For instance, was the Press Association justified in paraphrase the above quotation and have Mr Duncan Smith implying that "the 'abandoning' of policies that support marriage has cost the country up to £100 billion"?

Similarly, when the Daily Mail headline proclaims the "£100 bn cost of broken homes", is this a fair reflection of the original claim?

A straightforward link is not quite made explicit, but the insinuation that the £100 billion figure is constructed from direct and indirect consequences of "family breakdown" is fairly strong.

Strong enough, Full Fact believes, for the papers to claim legitimacy in their cropping.

Where the notion that broken families come with a £100 billion price tag originates from matters, because somewhere along there way there seems to have been an error: as far as we can discern, there is no clear evidence to support this claim.

The 2006 report from the Centre for Social Justice (CSJ) to which Mr Duncan Smith referred was produced under the auspices of his own Chairmanship.

It was a self-confessedly inexact measure relying on inflations from a previous estimate made six years earlier, but the Welfare Secretary is right that it refers only to direct consequences.

Not so the estimate from the Relationship Foundation.

Their 2007 document aims to "address the costs in five broad areas — tax and benefits, housing, health and social care, criminal justice, and education".

This seems to include many of the categories cited by Iain Duncan Smith in the £100 billion he cites.

If anything, this figure includes some projections that may overstate the total figure.

Several billion pounds of the total arises from the costs of dealing with domestic violence, for which falling marriage rates can hardly take the full blame.

Others are extremely speculative: rising costs of housing the elderly are blamed partly on "relationship breakdown" between parents and their children.

Perhaps most contentiously, the authors consistently assume direct, one-way causal links between family breakdown and social problems. It is quite plausible that much of the causality could act in the opposite direction, or that various "third factors" - whether cultural, socio-economic or otherwise — account for the correlation.

But even if we accepted the Foundation's findings unequivocally, with all their extrapolations for the indirect effects of family breakdown, the total would still only come to £37 billion.

Perhaps Mr Duncan Smith taking this figure and mistakenly double-counting many of the "indirect" consequences that it already includes.

Perhaps he has confused the CSJ's £100 billion estimate for "social breakdown" with the £24 billion estimate for "family breakdown", which was included in this figure.

Or perhaps Full Fact is simply unaware of yet another radically higher estimate of the cost.

We contacted Mr Duncan Smith's office to find out which was the case, but so far we have not heard back from them on this matter.

Conclusion

Without further enlightenment, we can see no reason to accept the claim now in circulation that "broken homes" cost Britain £100 billion.

And whether or not this was indeed what the Work and Pensions Secretary intended to say, his statement did appear to carry this implication. This in turn has given rise to headlines in the press which will receive far more pubic exposure than the original wording.

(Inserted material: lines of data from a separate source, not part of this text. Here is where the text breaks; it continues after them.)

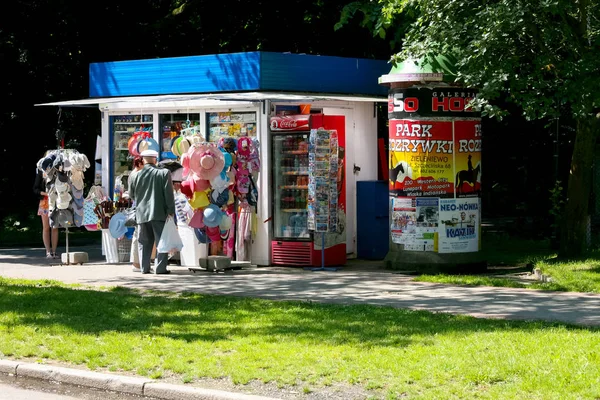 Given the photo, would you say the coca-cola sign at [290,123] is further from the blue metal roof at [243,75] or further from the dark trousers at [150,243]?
the dark trousers at [150,243]

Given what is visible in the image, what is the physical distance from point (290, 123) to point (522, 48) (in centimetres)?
380

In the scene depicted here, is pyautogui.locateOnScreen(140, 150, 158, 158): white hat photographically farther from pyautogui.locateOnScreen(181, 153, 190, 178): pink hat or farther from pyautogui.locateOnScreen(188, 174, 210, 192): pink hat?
pyautogui.locateOnScreen(188, 174, 210, 192): pink hat

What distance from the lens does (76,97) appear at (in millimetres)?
26828

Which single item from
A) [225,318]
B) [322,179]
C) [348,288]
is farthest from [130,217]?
[225,318]

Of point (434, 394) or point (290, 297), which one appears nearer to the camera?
point (434, 394)

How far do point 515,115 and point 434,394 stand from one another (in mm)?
15587

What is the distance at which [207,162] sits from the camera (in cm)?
1606

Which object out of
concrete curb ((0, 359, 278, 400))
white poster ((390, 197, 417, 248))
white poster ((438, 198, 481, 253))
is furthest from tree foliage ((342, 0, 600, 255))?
concrete curb ((0, 359, 278, 400))

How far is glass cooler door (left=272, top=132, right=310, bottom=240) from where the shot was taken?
16844 millimetres

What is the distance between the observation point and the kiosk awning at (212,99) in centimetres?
1658

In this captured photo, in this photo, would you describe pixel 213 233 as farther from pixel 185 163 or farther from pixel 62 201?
pixel 62 201

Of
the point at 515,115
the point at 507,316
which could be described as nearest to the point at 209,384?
the point at 507,316

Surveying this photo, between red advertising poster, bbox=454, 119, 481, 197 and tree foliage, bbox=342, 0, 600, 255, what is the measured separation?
0.80 meters

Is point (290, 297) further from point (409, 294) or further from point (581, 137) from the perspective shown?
point (581, 137) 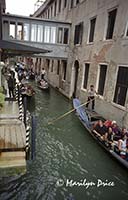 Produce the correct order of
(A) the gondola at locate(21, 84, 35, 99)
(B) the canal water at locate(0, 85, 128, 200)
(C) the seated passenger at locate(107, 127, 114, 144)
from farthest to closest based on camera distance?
(A) the gondola at locate(21, 84, 35, 99), (C) the seated passenger at locate(107, 127, 114, 144), (B) the canal water at locate(0, 85, 128, 200)

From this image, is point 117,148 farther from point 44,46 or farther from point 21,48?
point 44,46

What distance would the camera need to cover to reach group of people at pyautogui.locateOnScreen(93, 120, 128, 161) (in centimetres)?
563

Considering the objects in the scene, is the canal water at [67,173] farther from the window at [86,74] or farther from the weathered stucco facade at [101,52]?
the window at [86,74]

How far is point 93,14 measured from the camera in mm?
10992

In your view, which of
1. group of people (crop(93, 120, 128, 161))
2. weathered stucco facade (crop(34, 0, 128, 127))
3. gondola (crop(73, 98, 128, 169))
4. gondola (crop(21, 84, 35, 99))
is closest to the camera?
gondola (crop(73, 98, 128, 169))

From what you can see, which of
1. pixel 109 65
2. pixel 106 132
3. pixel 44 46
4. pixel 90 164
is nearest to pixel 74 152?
pixel 90 164

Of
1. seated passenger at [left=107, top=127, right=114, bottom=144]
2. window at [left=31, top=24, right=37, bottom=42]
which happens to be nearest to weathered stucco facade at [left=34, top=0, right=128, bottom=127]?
seated passenger at [left=107, top=127, right=114, bottom=144]

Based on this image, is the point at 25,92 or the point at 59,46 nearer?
the point at 25,92

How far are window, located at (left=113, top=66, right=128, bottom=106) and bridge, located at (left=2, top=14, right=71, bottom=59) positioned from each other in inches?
303

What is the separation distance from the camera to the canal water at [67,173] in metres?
4.46

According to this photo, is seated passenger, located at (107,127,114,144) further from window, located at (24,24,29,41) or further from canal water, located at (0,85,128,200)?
window, located at (24,24,29,41)

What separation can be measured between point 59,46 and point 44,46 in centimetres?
117

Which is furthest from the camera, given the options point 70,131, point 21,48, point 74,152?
point 70,131

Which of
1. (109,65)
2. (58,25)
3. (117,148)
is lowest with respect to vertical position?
(117,148) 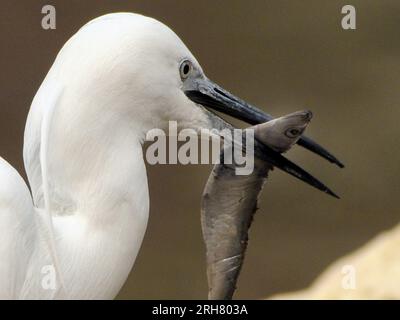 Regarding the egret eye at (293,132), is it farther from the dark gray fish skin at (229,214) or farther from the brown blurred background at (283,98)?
the brown blurred background at (283,98)

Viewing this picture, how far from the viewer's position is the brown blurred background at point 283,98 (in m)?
3.89

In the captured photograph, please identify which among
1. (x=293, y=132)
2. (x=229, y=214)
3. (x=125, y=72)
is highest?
(x=125, y=72)

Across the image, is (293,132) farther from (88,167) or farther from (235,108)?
(88,167)

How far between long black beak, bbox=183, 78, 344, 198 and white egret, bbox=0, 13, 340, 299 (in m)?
0.09

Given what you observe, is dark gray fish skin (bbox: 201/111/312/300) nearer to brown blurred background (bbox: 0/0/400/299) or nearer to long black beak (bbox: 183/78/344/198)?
long black beak (bbox: 183/78/344/198)

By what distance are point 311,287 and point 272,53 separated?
86 cm

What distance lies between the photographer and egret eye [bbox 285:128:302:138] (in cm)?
198

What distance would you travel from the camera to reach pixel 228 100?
2074mm

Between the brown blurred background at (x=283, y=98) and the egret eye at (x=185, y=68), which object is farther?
the brown blurred background at (x=283, y=98)

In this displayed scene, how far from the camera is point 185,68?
6.43ft

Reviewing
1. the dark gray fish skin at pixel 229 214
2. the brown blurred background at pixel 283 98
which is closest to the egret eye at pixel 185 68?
the dark gray fish skin at pixel 229 214

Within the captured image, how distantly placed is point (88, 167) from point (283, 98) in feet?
7.39

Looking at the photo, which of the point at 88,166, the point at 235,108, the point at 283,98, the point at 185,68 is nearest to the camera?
the point at 88,166

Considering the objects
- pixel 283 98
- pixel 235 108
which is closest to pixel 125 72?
pixel 235 108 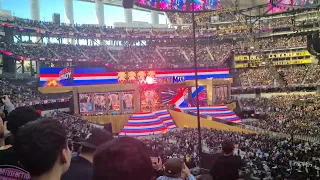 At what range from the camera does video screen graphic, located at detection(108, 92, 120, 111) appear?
1314 inches

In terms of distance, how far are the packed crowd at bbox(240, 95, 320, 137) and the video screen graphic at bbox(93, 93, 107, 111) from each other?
1530 centimetres

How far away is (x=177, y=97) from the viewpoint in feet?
129

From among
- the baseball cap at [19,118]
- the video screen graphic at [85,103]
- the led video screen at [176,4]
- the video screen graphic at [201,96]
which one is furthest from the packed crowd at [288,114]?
the baseball cap at [19,118]

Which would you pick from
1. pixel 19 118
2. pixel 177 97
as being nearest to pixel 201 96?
pixel 177 97

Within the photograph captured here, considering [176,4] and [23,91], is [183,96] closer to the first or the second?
[176,4]

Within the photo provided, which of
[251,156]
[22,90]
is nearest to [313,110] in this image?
[251,156]

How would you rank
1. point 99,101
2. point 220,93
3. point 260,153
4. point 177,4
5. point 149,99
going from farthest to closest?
point 220,93, point 149,99, point 99,101, point 177,4, point 260,153

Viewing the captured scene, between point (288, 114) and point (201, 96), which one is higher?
point (201, 96)

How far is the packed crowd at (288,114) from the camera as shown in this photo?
2730 cm

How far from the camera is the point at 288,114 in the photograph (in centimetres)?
3425

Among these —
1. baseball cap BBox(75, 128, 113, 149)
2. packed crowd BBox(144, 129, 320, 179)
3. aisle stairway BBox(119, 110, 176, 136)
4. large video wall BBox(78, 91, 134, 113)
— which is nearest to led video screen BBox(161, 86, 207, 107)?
aisle stairway BBox(119, 110, 176, 136)

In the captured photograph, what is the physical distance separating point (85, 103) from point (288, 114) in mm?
21612

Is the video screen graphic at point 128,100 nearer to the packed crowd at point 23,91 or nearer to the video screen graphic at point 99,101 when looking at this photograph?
the video screen graphic at point 99,101

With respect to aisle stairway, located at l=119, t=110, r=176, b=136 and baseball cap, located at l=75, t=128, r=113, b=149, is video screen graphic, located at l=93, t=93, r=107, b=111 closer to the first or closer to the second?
aisle stairway, located at l=119, t=110, r=176, b=136
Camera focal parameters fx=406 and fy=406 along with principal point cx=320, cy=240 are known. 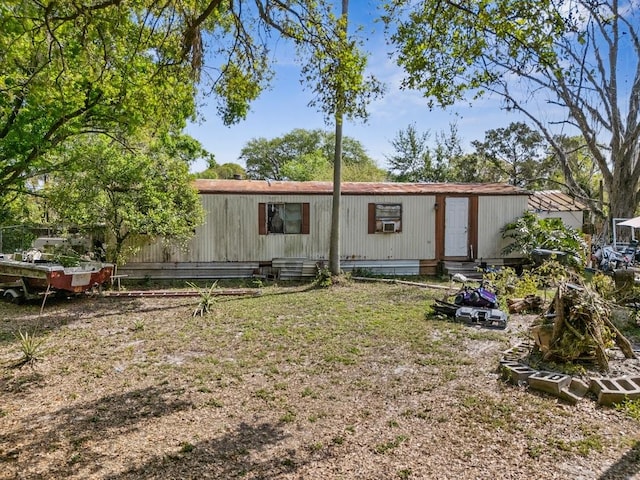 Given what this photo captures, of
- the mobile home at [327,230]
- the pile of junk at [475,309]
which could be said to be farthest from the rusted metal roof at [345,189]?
the pile of junk at [475,309]

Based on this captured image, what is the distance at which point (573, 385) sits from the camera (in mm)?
3883

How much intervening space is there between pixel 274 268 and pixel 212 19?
6915mm

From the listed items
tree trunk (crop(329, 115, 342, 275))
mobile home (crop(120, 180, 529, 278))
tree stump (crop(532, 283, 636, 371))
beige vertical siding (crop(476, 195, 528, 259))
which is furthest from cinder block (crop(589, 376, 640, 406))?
beige vertical siding (crop(476, 195, 528, 259))

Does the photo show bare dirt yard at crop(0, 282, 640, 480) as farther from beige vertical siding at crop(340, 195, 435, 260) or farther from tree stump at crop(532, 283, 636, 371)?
beige vertical siding at crop(340, 195, 435, 260)

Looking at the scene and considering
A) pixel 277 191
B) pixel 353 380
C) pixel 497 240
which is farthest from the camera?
pixel 497 240

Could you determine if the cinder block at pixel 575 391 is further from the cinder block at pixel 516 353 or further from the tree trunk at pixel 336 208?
the tree trunk at pixel 336 208

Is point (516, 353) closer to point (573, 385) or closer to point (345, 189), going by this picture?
point (573, 385)

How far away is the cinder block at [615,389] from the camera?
11.8ft

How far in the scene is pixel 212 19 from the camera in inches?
211

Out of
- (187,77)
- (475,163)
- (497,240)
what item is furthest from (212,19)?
(475,163)

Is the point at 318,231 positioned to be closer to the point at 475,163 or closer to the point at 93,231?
the point at 93,231

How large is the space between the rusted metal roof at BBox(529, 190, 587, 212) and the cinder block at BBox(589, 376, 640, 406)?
1318cm

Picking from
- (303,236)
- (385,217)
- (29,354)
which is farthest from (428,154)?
(29,354)

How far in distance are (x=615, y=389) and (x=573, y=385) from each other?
1.07ft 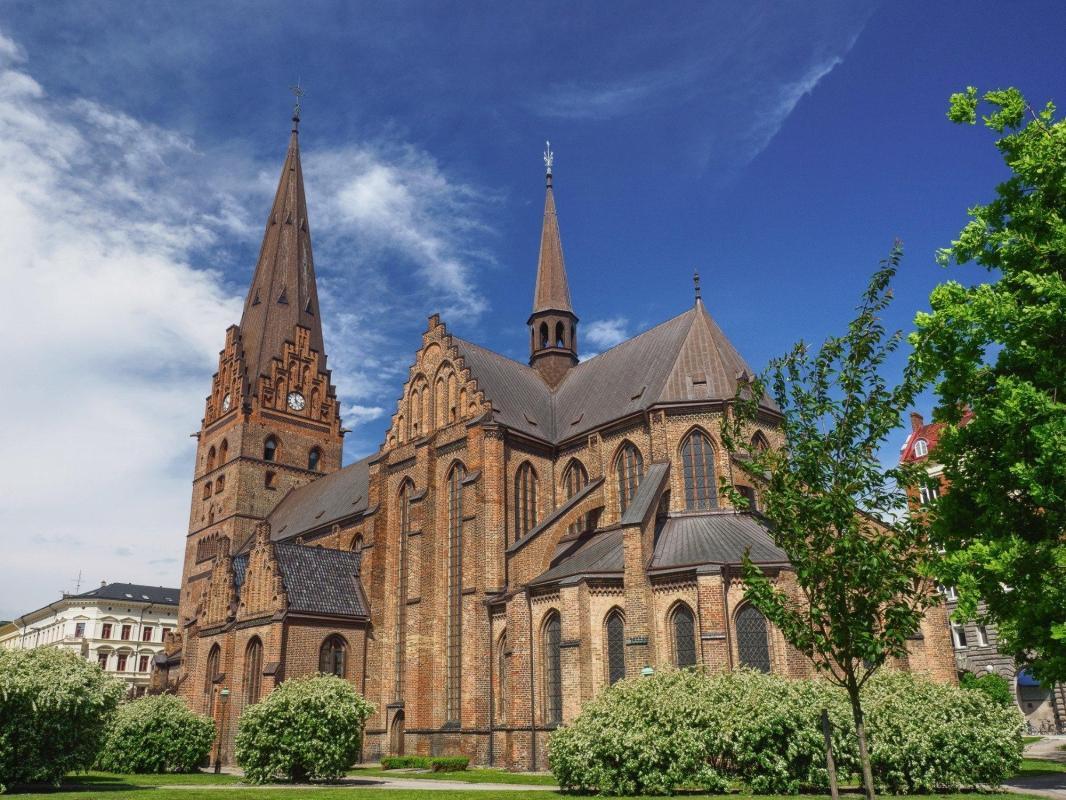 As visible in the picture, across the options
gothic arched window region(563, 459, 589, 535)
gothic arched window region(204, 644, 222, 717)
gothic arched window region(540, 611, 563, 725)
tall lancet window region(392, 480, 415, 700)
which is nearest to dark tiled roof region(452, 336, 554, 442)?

Given the complex nature of this issue, any projections are bound to include a large amount of assumption and speculation.

Indeed the very CSJ report from which the lower estimate is extracted warns against certainty in this area: "it is impossible to quantify with any accuracy the cost of family breakdown to the Exchequer".

However, these cautions are academic to the claim at hand, since none of the available estimates, however rough, seem to support it.